Video of project: https://drive.google.com/file/d/1wsDYRtt9Grp1dwJQdrg7QNlAcyg5AzhN/view?usp=drive_link  Pictures: https://drive.google.com/drive/folders/136ErxayROmh7NFy3GQV93D6ZPThRfmBz?usp=drive_link 

Final Report

The design and development of the “Campus Cruiser” project were significantly influenced by user interactions and feedback. This project centered around an Arduino-controlled vehicle with two DC motors and an H-bridge for bidirectional wheel movement, utilizing a joystick for navigation and an ultrasonic sensor to avoid obstacles from dorms to school. The initial concept was to mimic the NYU bus, which was integral to the thematic alignment of the design.
Understanding how users would interact with the Campus Cruiser was crucial. The use of a joystick for control was a design choice aimed at simplifying the driving mechanism, making it intuitive and user-friendly. This decision was reinforced during user testing sessions where the immediate and natural use of the joystick by testers validated its effectiveness as a control tool.
Another significant design decision was the incorporation of a joystick holder to enhance user experience. This idea emerged from user feedback during testing sessions, where the absence of a holder led to slight operational inconvenience. Responding to this, a 3D-printed joystick holder was developed and integrated, which not only improved the aesthetics but also the functionality, making the joystick more stable and easier to operate.
Another change we made based on user testing was when a professor pointed out that the vehicle’s design did not convincingly represent an NYU bus, thus diluting the thematic relevance of the project which we also changed and built a new bus using the laser cutter.
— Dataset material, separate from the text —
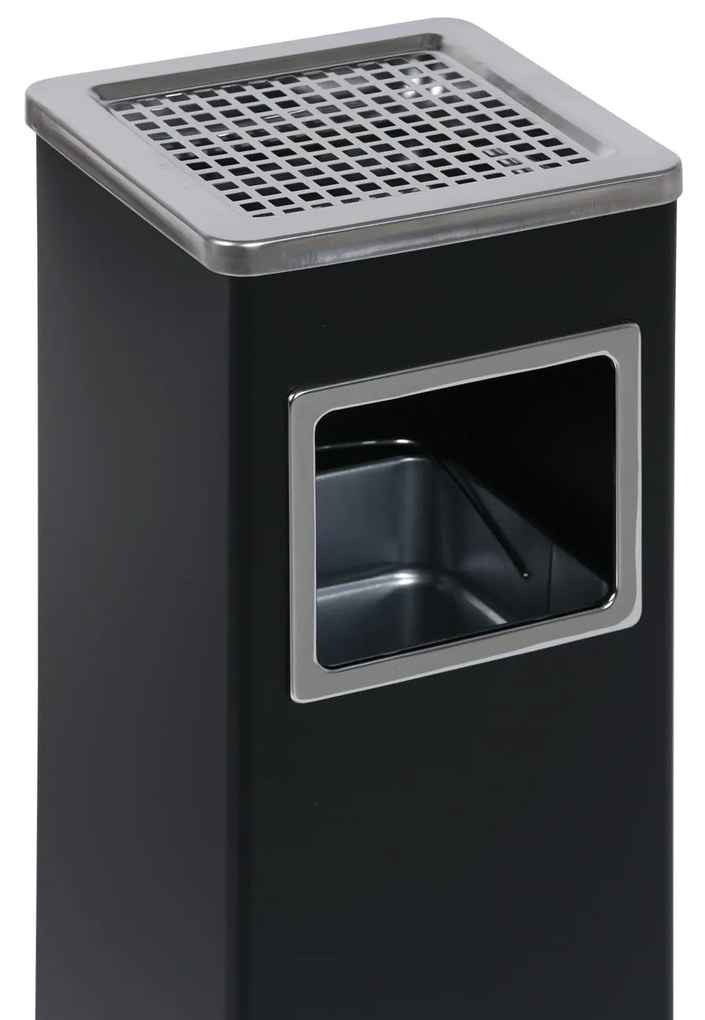Odpadkový kôš s popolníkom a vnútornou nádobou, 11,5 l, čierny / nerez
We used a joystick for our project to control how the car moved we felt this was the best option because the other option we thought of was using Bluetooth but felt it would be too hard and not have enough time to make sure it would work the way we wanted. DC motors were also used I researched Arduino cars and most of the motors used were DC motors so that is why we chose those motors. We used Hbridge for our motors to move in both directions because it was suggested by our professor and fit well with our project. we used ultrasonic sensors to detect if the car had hit anything we used these sensors because we found buttons were not sensitive enough. We were going to add two ultrasonic sensors but when we attached the second sensor our code would not work even after help from a professor so we decided to stick with one. We then added LEDs to our NYU bus to incorporate processing in our project when the bus is driving and does not detect anything using a sensor it stays purple and has a song playing and when it detects something it turns red and a crash sound is played.
The coding process of our car went smoothly we started with a code I wrote based on a code from one of the LAs than my partner rewrote it to another code because we were having issues with the code not working well with two motors. We had some help from an LA and a professor.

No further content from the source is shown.